• _Exercise data_
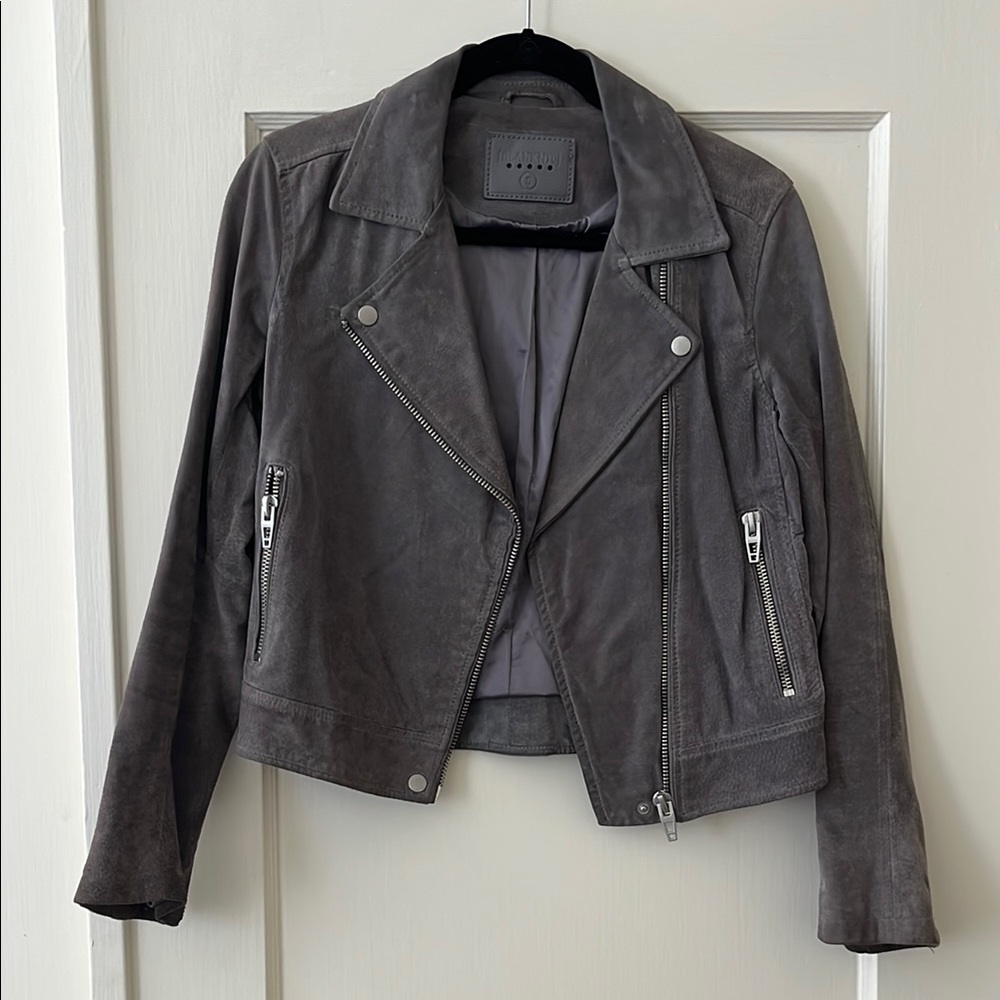BLANKNYC Gray Suede Jacket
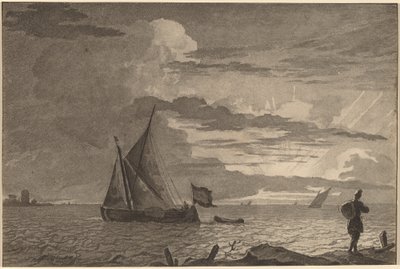 Fisherman with Pack over His Shoulder, 1779, udgivet 1781. af Cornelis Brouwer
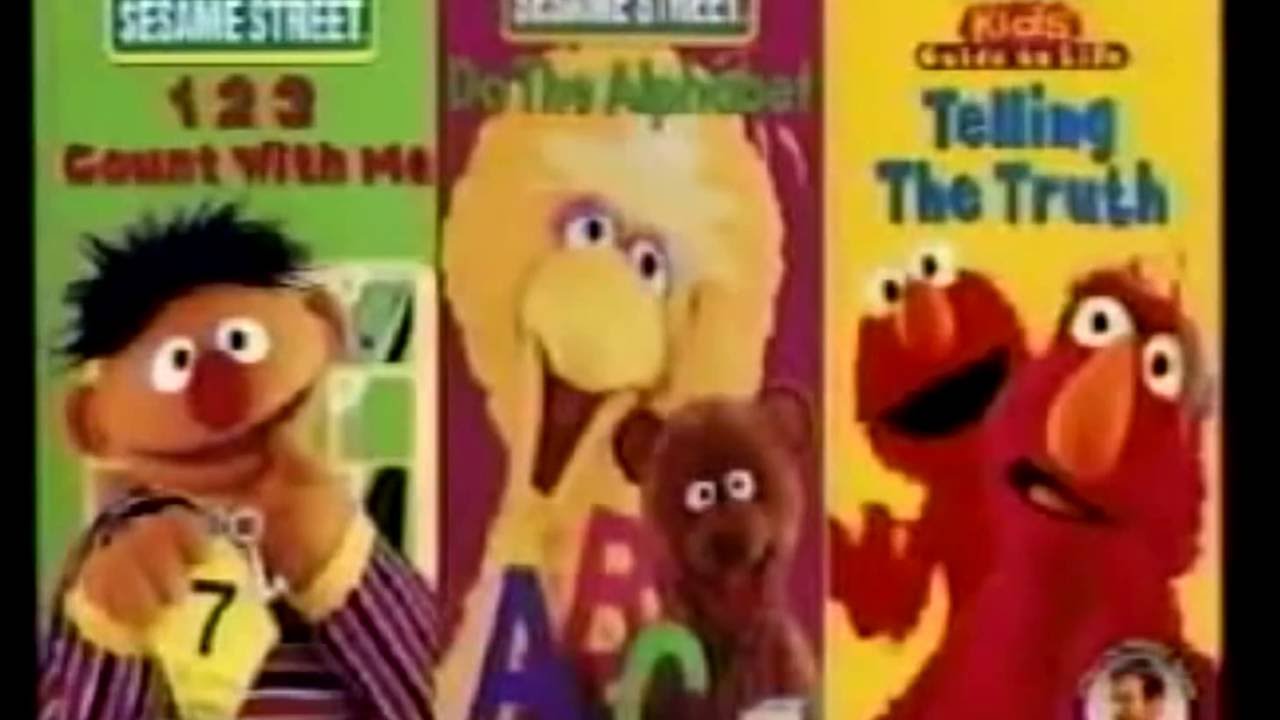 Opening To Sesame Street Presents Barney Safety 2001 VHS - YouTube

• _Exercise description_
What the answer must hold: all the data above, given again exactly, without pictures.

• _Answer area_
BLANKNYC Gray Suede Jacket
 Fisherman with Pack over His Shoulder, 1779, udgivet 1781. af Cornelis Brouwer
 Opening To Sesame Street Presents Barney Safety 2001 VHS - YouTube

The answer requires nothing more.